Os músicos mais jovens expressam desejo de introduzir novas sonoridades e desafios técnicos. Já as direcções e os músicos veteranos temem perder o reconhecimento público associado à tradição. Esta tensão cria um bloqueio criativo e reduz a motivação de muitos jovens integrantes.





Conflito organizacional e disciplina militarizada



A estrutura das bandas segue muitas vezes um modelo quase militar, com ensaios frequentes, regras rígidas de apresentação pública e hierarquia comportamental.

“Sinto-me como um soldado. Falam-nos de forma brusca e esperam obediência, não criatividade.” – Maria
“A banda segue o modelo do exército: o velho contra o novo.” – Harry

Esta cultura de obediência e ordem pode ser eficaz para garantir uniformidade nas apresentações, mas reprime a expressão pessoal e o espírito artístico dos músicos, sobretudo os mais jovens ou com uma visão mais contemporânea da prática musical.




Conflito de prioridades: prestígio vs. qualidade artística



Por fim, há um conflito entre os objectivos de representação pública e os objectivos artísticos ou pedagógicos. As comissões administrativas, geralmente compostas por membros seniores da comunidade, colocam frequentemente a visibilidade mediática e a presença em cerimónias acima da qualidade musical ou da inovação educativa.

“Querem que pareça arte, mas não se preocupam em fazer arte.” – Harry
“O objectivo não é melhorar a banda, é que apareça no jornal local.” – Costas

Este conflito gera frustração entre músicos que querem crescer artisticamente e encontram resistência por parte da liderança institucional.




Maestros vs. Direcção: Tensões de liderança artística



Apesar de não serem frequentemente discutidos em público, os conflitos entre os maestros e os directores das bandas surgem como uma camada adicional de tensão.


Muitas vezes, os regentes são músicos mais jovens ou formados noutras cidades, com ideias inovadoras sobre pedagogia, programação e dinâmica ensaística. No entanto, encontram-se limitados pela vontade conservadora da direcção.


“Há discussões entre os regentes e a direcção.
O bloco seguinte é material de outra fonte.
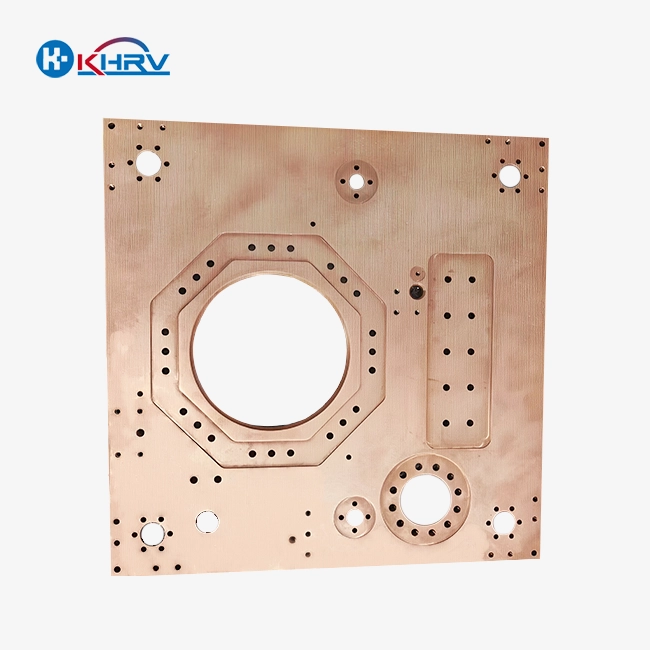 copper perforated tool plate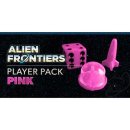 Alien Frontiers: Alternate Player Color Pieces Pink Set (EN)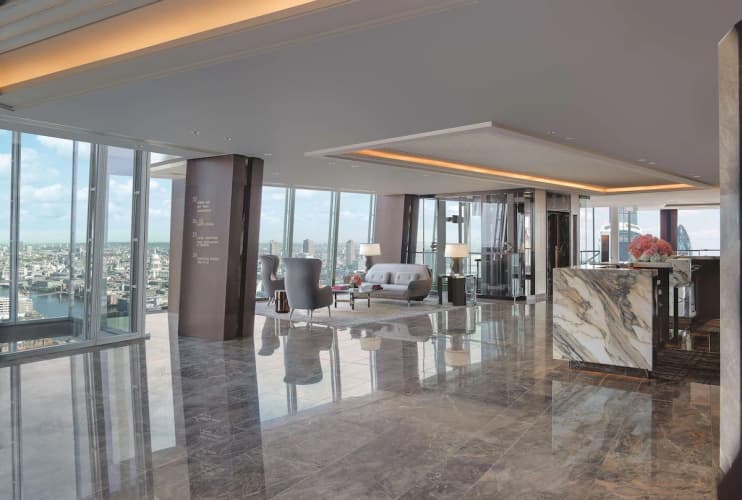 Shangri-la Hotel at The Shard photo 3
Os regentes querem fazer coisas novas, mas os directores dizem que não é o momento.” – Maria
“Quando o maestro sugeriu tocar uma peça diferente, disseram-lhe que o público não ia gostar.” – Harry

Estes episódios ilustram um tipo de conflito onde o poder simbólico e logístico se sobrepõe à liderança musical, afectando directamente o crescimento artístico da banda.



Tecnologia e tradição: quando o futuro é mal-vindo


Outro foco emergente de tensão prende-se com o uso de novas tecnologias e métodos digitais.

Músicos mais jovens, habituados a usar software como Finale ou MuseScore, ou a aprender com vídeos e gravações online, sentem-se limitados pelo conservadorismo técnico das bandas.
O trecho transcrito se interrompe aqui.